Etiyopya Su ve Sulama Bakanı'nın konuşmasıyla sözlerimize başlayalım. Etiyopyalı bakan konuşmasını doğrudan şu sözlerle açtı: “Büyük Etiyopya Nahda Barajı konusunu tartışmak, BMGK’nın kaynaklarını ve zamanını zayi etmektedir. BMGK, 19 Temmuz 2020'de Etiyopya, Mısır ve Sudan'ı, sorunları çözmek için müzakerelere devam etmeye teşvik eden konuşmasını yapmıştı. Ayrıca müzakereleri ve görüşmeleri kolaylaştırmak için Afrika Birliği liderliğindeki süreci desteklemişti. Tüm mesele barajın inşasından ve hidroelektrik enerji üretiminden ibaret. Bu, elektriğe erişimi olmayan 65 milyon Etiyopyalının umudunu ve beklentisini temsil etmektedir.” Etiyopya suyunun yaklaşık yüzde 70'inin Nil Havzası'ndan geldiğini belirten bakan, Mısır ve Sudan'ın durumuna kıyasla Etiyopya'nın tuzu arındıracağı bir denizi olmadığını söyleyerek temel bir noktaya değindi!
Ancak Etiyopyalı bakan iki ana noktada hata yaptı. Birincisi, “Üç ülke arasındaki çatışmanın ana sorunu, Nil'deki sömürge ve tekelci durumu sürdürme arayışıdır. Biz, tekelci ve sömürgeci iddiaları, anlaşmaya varılmış uluslararası hukuk ve ilkelerle değiştirdik” yönündeki ifadeleri, bakanın Afrika Birliği'ni kuran yasanın ‘4’üncü maddesinin b fıkrasını’ gözden kaçırdığını gösteriyor. Bağımsızlığın ilanının ardından mevcut sınırlara saygı duyulmasının öngörüldüğü bu madde, Afrika Birliği Örgütü Şartı'nda onaylanan maddedir. İngiltere sömürgeciliği döneminde imzalanan anlaşmalar, Mısır'a uluslararası hukuk kuralları çerçevesinde Nil’i kullanma hakkı vermektedir.
Etiyopyalı bakan, konuşmasını, BMGK'dan Nahda Barajı dosyasını Afrika Birliği’ne iade etmesini talep ederek tamamladı ve bu görüşmenin son olmasını istedi. Burada bir önceki yazımızda değindiğimiz BM Şartı’nın 34’üncü maddesini bir kez daha hatırlayalım: “Güvenlik Konseyi herhangi bir uyuşmazlık ya da uluslararası anlaşmazlığa yol açabilecek veya uyuşmazlık doğurabilecek bir durum konusunda, bu uyuşmazlık ya da durumun sürmesinin uluslararası barış ve güvenliğin korunmasını tehlikeye düşürme eğiliminde olup olmadığını saptamak için soruşturmada bulunabilir.”
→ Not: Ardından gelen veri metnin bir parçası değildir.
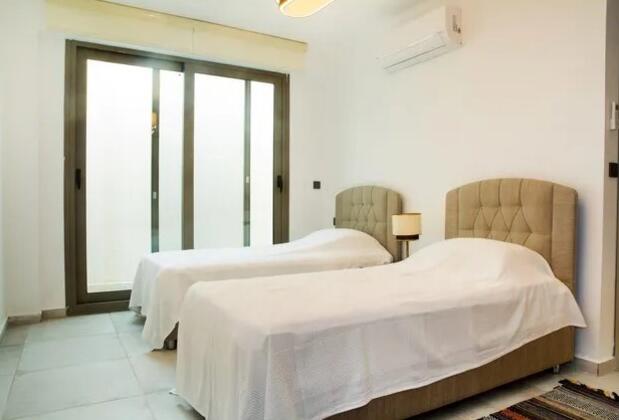 Villa Selin - Görsel 15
BM Şartı’nın 52. maddesi, “Üyeler, Güvenlik Konseyi'ne sunmadan önce, bölgesel örgütler aracılığıyla yerel anlaşmazlıklara barışçıl bir çözüm bulmak için her türlü çabayı göstereceklerdir” diyorsa da bunun hiçbir şekilde yukarıda atıfta bulunulan 34’üncü maddeyi devre dışı bırakmadığı da vurgulanmaktadır.
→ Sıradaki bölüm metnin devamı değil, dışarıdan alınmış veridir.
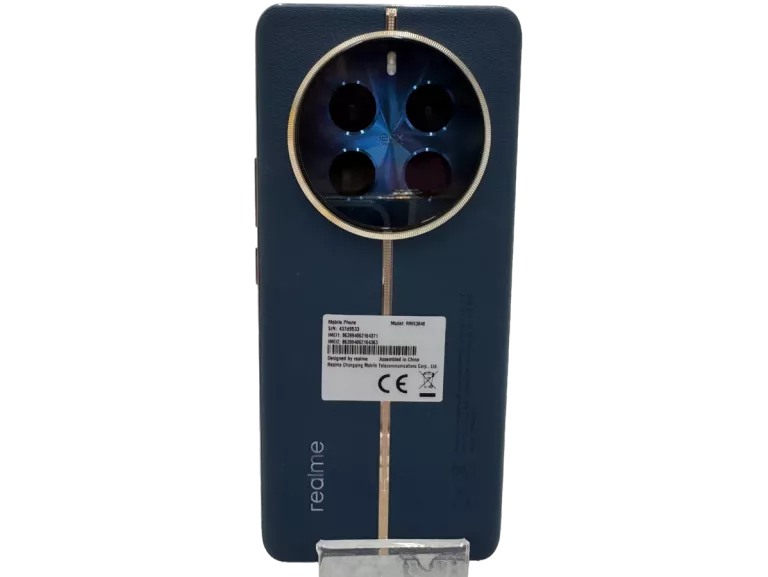 telefon-realme-12-pro-12512gb-stan-11323-1223453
Öte yandan Etiyopyalı bakan, Mısır ve Sudan'ın temel taleplerinden biri hakkında konuşmayı ihmal etti. Bu, yazılı bir yasal taahhüt ve Etiyopya'nın iyi niyet beyanlarıyla yetinmemektir. Her iki havza ülkesinin dışişleri bakanlarının konuşmalarında, şekil ve içerik olarak farklı olsa da bazı temel talepler göz önünde bulunduruldu. Mısır Dışişleri Bakanı Samih Şükri, Etiyopya barajının inşasının Mısır için bir varoluşsal tehdit oluşturduğu gerçeğine odaklandı. Etiyopya'nın barajı anlaşmasız doldurarak tek taraflı davranışını ve bir oldubittiye getirmesini kınadı. Etiyopya ile olan müzakerelerin başarısızlığının, uzlaşmazlığından ve Mavi Nil'in bir iç nehir olduğu yönündeki yanılsamasından kaynaklandığını söyledi. Mısırlı bakanın konuşması, Etiyopya'nın siyasi pozisyonlarının iddialarını ve gerekçelerini çürütmekle uğraşan yasal ve siyasi savunma gibiydi.
Sudanlı bakan, BMGK’ya başvurma nedenlerini zikrederken konuşmasını Sudan’ın ulusal bakış açısına odakladı. 74 milyar metreküp kapasiteli bu devasa barajın sınırdan birkaç kilometre uzaklıkta bulunması güvenlik önlemleri konusunda koordinasyon sağlanmaksızın civardaki topluluklar için doğrudan tehlike arz etmektedir. İki havza ülkesi, kolaylaştırıcı ve arabulucu rol oynayan uluslararası gözlemcilerin takibi altında, Etiyopya ile bağlayıcı yasal bir anlaşmaya varmanın ve Afrika Birliği çatısı altında müzakereleri sürdürmenin önemi üzerinde anlaştılar.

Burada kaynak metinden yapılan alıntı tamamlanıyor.